UNFORTUNATE politicians who were randomly picked to have their generous expenses audited found the process “onerous” as well as “stressful”, according to Oireachtas records.
In feedback given to Leinster House on the audits, one Fine Gael TD Brendan Griffin also explained how he had been audited three times in the space of just six years.
Under current arrangements, politicians are paid a public representation allowance of between €12,000 and €20,000 annually separate to the travel expenses they get.
They are obliged to retain receipts and invoices, with 10 per cent of TDs and Senators subject to audit each year and repayment of money if problems are discovered.
Feedback gathered on last year’s audit reveals how some politicians are still struggling with the system six years after it was introduced.
Five members responded, with three of them saying their biggest problem was “the production of documentary evidence for the audit, notably in relation to advertising”.

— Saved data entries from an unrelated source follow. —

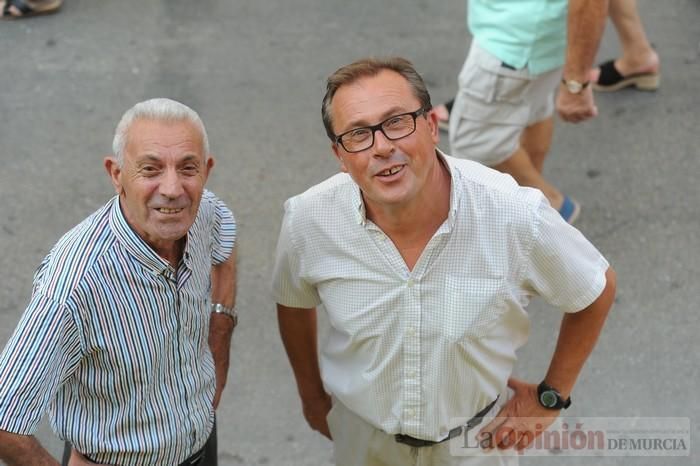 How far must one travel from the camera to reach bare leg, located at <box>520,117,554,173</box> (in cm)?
437

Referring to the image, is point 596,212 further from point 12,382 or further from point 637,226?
point 12,382

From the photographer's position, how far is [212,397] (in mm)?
2793

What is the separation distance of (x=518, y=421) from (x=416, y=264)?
2.31ft

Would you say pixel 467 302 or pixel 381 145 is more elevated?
pixel 381 145

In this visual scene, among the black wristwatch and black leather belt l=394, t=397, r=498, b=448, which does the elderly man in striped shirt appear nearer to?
black leather belt l=394, t=397, r=498, b=448

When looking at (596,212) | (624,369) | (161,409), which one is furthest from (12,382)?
(596,212)

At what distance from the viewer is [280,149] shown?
16.7ft

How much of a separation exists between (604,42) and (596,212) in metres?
1.37

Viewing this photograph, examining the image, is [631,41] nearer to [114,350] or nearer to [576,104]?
[576,104]

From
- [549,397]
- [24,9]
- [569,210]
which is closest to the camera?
[549,397]

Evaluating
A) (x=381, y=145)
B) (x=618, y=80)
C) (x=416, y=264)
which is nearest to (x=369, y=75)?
(x=381, y=145)

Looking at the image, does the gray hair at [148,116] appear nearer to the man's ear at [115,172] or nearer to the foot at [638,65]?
the man's ear at [115,172]

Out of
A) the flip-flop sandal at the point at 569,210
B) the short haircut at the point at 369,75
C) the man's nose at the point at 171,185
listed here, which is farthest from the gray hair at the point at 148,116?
the flip-flop sandal at the point at 569,210

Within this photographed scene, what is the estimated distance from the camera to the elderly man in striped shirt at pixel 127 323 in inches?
90.4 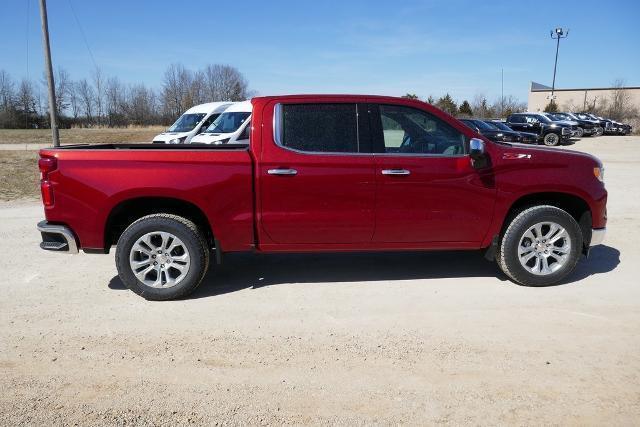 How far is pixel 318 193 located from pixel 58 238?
2471mm

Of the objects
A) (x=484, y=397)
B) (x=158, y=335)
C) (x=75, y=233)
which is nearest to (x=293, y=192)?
(x=158, y=335)

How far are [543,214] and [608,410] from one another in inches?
92.2

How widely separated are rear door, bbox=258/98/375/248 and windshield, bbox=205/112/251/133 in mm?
10145

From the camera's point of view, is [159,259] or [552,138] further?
[552,138]

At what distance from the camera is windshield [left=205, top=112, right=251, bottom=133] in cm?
1467

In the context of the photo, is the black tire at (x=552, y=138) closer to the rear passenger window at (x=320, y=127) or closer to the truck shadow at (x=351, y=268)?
the truck shadow at (x=351, y=268)

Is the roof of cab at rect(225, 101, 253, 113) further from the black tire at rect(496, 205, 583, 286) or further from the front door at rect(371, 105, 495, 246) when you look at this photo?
the black tire at rect(496, 205, 583, 286)

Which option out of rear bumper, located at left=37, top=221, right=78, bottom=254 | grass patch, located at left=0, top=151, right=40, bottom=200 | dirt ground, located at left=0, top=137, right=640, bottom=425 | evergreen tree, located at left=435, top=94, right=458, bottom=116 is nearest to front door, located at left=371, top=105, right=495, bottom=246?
dirt ground, located at left=0, top=137, right=640, bottom=425

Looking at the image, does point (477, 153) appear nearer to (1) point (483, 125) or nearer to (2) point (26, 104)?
(1) point (483, 125)

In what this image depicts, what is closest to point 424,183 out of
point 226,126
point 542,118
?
point 226,126

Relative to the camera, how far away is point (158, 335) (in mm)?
3967

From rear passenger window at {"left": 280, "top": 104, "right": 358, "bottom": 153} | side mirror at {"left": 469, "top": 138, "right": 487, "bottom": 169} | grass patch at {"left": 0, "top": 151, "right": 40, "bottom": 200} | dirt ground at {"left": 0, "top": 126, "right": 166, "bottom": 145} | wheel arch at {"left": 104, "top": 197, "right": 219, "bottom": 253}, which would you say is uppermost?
rear passenger window at {"left": 280, "top": 104, "right": 358, "bottom": 153}

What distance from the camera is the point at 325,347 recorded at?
3.73 meters

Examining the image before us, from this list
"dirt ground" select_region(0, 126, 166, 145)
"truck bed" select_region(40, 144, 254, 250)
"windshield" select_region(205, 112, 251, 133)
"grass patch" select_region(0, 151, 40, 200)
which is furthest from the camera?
"dirt ground" select_region(0, 126, 166, 145) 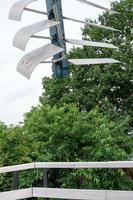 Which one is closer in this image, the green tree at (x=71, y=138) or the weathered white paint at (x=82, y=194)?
the weathered white paint at (x=82, y=194)

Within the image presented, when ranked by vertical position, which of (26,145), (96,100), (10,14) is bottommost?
(96,100)

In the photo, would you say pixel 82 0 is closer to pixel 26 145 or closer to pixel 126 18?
pixel 26 145

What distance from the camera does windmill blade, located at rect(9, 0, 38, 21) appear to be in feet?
26.5

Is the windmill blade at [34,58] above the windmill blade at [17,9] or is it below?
below

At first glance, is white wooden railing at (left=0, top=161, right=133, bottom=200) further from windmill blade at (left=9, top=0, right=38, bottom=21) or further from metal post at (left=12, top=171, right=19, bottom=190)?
windmill blade at (left=9, top=0, right=38, bottom=21)

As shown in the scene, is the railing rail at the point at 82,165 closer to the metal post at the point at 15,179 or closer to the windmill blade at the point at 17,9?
the metal post at the point at 15,179

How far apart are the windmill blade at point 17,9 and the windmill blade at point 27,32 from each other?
20 cm

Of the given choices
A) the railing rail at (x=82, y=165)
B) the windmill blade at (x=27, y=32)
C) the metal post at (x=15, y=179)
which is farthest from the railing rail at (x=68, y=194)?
the windmill blade at (x=27, y=32)

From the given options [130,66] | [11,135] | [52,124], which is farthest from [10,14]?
[130,66]

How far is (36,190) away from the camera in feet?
24.4

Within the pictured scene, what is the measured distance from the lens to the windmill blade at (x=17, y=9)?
8.06 m

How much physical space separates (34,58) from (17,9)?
0.71 meters

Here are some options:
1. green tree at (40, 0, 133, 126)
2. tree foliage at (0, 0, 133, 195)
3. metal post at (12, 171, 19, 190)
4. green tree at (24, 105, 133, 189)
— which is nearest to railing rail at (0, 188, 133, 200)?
metal post at (12, 171, 19, 190)

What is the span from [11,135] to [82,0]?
328 cm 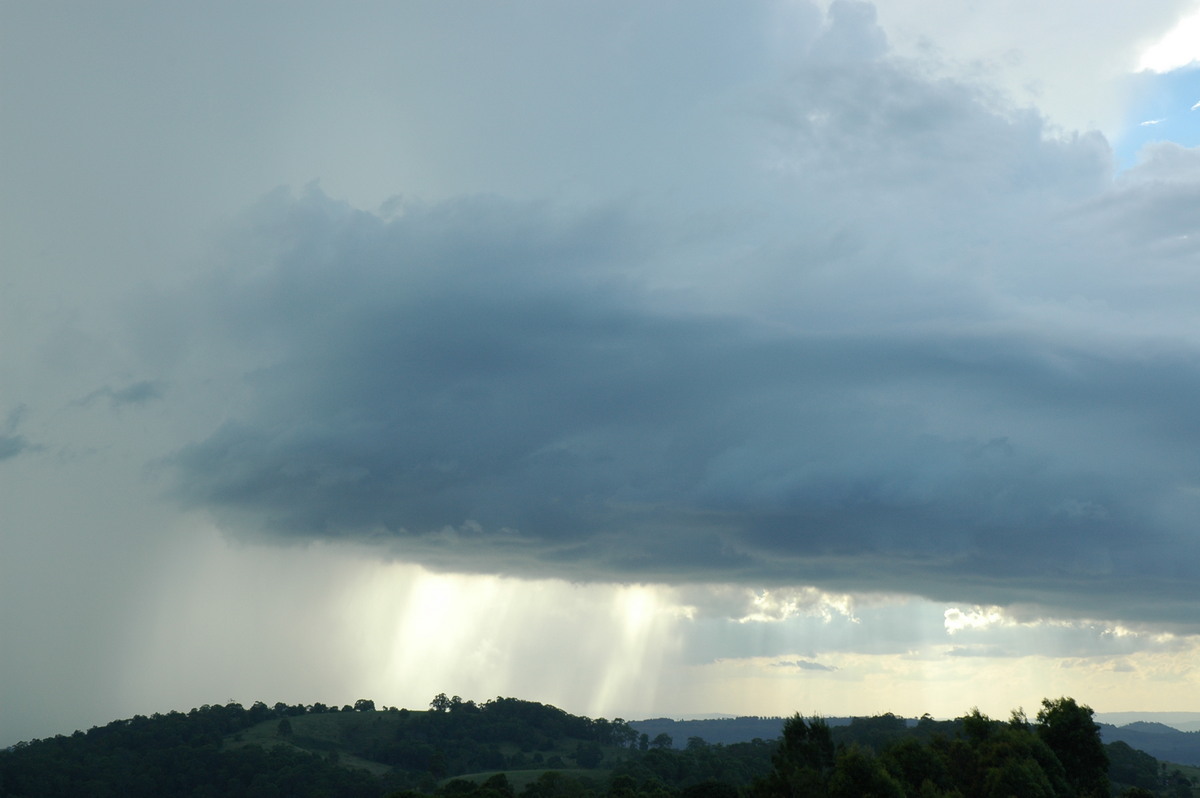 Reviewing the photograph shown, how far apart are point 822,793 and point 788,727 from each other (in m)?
28.8

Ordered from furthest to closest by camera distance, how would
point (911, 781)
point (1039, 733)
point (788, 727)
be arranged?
point (1039, 733)
point (788, 727)
point (911, 781)

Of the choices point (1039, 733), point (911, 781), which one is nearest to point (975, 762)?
point (911, 781)

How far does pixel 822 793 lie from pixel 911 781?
79.0ft

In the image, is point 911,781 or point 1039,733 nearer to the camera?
point 911,781

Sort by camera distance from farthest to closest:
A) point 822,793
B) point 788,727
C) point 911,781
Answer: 1. point 788,727
2. point 911,781
3. point 822,793

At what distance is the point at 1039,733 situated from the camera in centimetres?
17975

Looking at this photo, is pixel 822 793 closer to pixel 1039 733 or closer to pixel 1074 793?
pixel 1074 793

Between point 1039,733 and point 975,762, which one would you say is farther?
point 1039,733

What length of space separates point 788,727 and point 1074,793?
4272cm

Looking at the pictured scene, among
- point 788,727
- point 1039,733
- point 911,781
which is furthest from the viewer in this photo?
point 1039,733

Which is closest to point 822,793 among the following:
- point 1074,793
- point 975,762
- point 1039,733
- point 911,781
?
point 911,781

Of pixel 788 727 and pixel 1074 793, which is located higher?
pixel 788 727

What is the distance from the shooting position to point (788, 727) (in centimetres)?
16700

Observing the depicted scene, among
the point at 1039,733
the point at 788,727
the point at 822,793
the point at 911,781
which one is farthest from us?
the point at 1039,733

Another said there were gaps in their understanding of what type of spending was allowed, when compared to the opinion of the auditor.

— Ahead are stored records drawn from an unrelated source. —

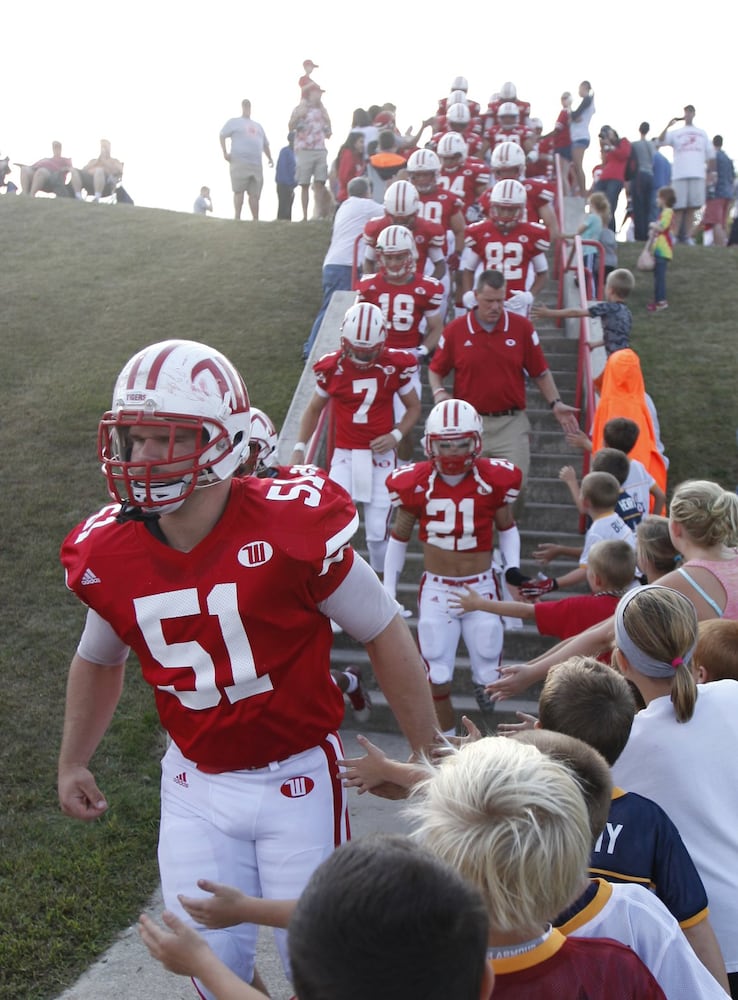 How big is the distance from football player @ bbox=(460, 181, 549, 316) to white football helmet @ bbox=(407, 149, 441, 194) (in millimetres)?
960

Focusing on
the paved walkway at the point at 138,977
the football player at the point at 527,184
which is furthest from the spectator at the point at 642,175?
the paved walkway at the point at 138,977

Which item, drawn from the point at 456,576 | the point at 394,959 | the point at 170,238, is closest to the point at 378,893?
the point at 394,959

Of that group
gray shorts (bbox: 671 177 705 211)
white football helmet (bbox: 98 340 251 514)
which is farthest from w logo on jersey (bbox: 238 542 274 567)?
gray shorts (bbox: 671 177 705 211)

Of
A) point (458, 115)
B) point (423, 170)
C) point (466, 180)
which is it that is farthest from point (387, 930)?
point (458, 115)

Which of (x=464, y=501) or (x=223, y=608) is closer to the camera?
(x=223, y=608)

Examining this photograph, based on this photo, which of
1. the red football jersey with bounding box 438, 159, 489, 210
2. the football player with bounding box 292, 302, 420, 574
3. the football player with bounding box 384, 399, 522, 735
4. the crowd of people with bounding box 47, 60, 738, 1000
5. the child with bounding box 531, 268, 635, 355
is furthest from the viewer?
the red football jersey with bounding box 438, 159, 489, 210

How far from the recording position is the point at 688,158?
1627 cm

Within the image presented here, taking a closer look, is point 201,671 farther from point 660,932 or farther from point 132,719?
point 132,719

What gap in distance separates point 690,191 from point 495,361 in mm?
9940

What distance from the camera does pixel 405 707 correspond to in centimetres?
336

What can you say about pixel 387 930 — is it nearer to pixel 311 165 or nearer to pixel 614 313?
pixel 614 313

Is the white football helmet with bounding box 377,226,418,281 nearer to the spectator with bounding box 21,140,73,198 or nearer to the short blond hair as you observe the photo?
the short blond hair

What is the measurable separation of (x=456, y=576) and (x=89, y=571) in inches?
157

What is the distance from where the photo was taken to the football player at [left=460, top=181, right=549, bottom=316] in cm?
1034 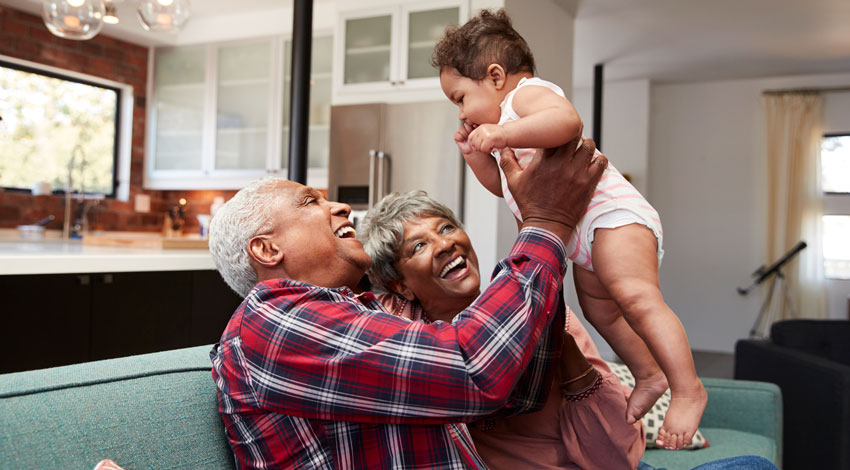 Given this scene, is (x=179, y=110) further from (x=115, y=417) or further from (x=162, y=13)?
(x=115, y=417)

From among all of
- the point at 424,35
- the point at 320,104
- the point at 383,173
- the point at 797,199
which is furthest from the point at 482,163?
the point at 797,199

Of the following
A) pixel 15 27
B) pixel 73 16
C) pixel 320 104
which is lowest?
pixel 73 16

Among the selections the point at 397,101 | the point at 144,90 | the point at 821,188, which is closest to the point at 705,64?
the point at 821,188

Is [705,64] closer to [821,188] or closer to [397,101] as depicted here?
[821,188]

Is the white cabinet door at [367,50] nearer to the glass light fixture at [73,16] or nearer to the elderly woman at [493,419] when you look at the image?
the glass light fixture at [73,16]

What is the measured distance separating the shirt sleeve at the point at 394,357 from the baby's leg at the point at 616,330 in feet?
1.18

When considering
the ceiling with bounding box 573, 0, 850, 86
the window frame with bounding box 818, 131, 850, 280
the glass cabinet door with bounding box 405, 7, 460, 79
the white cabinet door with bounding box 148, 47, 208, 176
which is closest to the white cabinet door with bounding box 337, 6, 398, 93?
the glass cabinet door with bounding box 405, 7, 460, 79

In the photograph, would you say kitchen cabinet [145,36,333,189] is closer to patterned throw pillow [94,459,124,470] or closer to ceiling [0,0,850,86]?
ceiling [0,0,850,86]

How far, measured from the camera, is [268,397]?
105 centimetres

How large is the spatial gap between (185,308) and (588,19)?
13.6 feet

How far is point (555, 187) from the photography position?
1181mm

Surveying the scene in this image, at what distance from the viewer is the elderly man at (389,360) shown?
3.28ft

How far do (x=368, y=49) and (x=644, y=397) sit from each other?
3870 mm

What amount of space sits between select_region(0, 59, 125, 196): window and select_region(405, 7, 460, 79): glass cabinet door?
126 inches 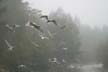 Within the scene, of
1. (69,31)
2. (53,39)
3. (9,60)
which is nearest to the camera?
(9,60)

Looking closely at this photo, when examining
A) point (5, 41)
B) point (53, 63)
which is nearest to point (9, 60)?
point (5, 41)

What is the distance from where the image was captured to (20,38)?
13.5 metres

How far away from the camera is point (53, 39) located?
18125 mm

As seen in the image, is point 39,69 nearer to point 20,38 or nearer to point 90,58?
point 20,38

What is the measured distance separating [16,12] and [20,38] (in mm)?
1493

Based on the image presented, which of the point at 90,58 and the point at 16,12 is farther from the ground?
the point at 90,58

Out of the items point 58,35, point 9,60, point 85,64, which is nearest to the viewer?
point 9,60

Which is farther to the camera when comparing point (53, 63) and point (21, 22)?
point (53, 63)

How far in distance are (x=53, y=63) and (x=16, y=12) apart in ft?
10.1

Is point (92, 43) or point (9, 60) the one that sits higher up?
point (92, 43)

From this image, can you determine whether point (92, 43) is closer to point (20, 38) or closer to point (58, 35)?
point (58, 35)

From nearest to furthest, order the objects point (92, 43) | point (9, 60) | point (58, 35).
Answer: point (9, 60) < point (58, 35) < point (92, 43)

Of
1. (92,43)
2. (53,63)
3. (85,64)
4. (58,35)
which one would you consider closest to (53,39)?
(58,35)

One TD (or Senator) said they had particular problems in getting receipts and invoices from a service provider, who was not responding to queries.
Of the five who responded, two of them described the process as “onerous” and “stressful/difficult” because of the workload involved in gathering invoices and receipts.
The other three said they found the process straightforward, including Brendan Griffin who by that stage had plenty of experience following his third audit.
The guidelines for TDs and Senators have yet again had to be revised to bring further clarity over what can and cannot be claimed.
The changes were made following the latest audit and include an increase in the amount politicians can claim from their home phone bills.
“Members have requested that the proportion of home telephone bills allowable … is increased from its current level of 10%. It is proposed that the amount be increased to 20%,” a briefing document said.
Also added was clarification that ministers and ministers of state are allowed claim “€100 unvouched expenditure” each month.
This money available for petty cash to all politicians remains available despite repeated claims from the Oireachtas and several ministers that the expenses system is fully vouched.
Other changes allowed an extension on time for payments and that politicians had to provide rental agreements for constituency offices.
The documents also detailed exactly how the system has worked with 10% of members randomly chosen using a “software tool”.
They are then invited to a briefing with Mazars, the accountancy firm responsible for the audit, and given a talk on what to expect.
Staff in the Oireachtas are also made available to “assist in clarifications” with separate seminars and “one to one” meetings also provided for confused TDs and Senators.
It was also confirmed that Mazars would carry out the audit for another year.
A briefing document explained: “The Mazars independent auditor has been involved in the audit process since its inception in 2011. He brings a huge level of knowledge and nuanced understanding of the issues that members encounter.
“He has used this knowledge to ensure that the audit process is as straightforward as possible, but at all times maintaining the requirements of that process. The process is thorough but necessarily so.”
The audit system was introduced in the aftermath of the expenses controversy that led to the resignation of then Ceann Comhairle John O’Donoghue in 2009.
However, it has proven even less transparent than the previous system and attempts to get access to the invoices and receipts provided for audit have been frustrated on the basis they are the “private papers” of politicians.
Under the new rules of expenses, 101 separate audits have taken place over the past six years — with 22 in each of the last three years. For the first three years, just over ten were chosen annually for checking.
Twelve TDs or Senators have been audited on two occasions, while only Brendan Griffin has been unlucky enough to be selected three times.
In a statement, the Oireachtas said that only two of the five members who provided feedback had described the process as difficult.
This was “in the context of the workload associated with the preparation of documentation by a small number of staff,” they said.
“The issue of updated guidelines is not a new concept and they are normally issued post audit … the rationale in updating guidelines as the need arises is to provide clarification for members on what is allowable and thereby minimise potential queries.”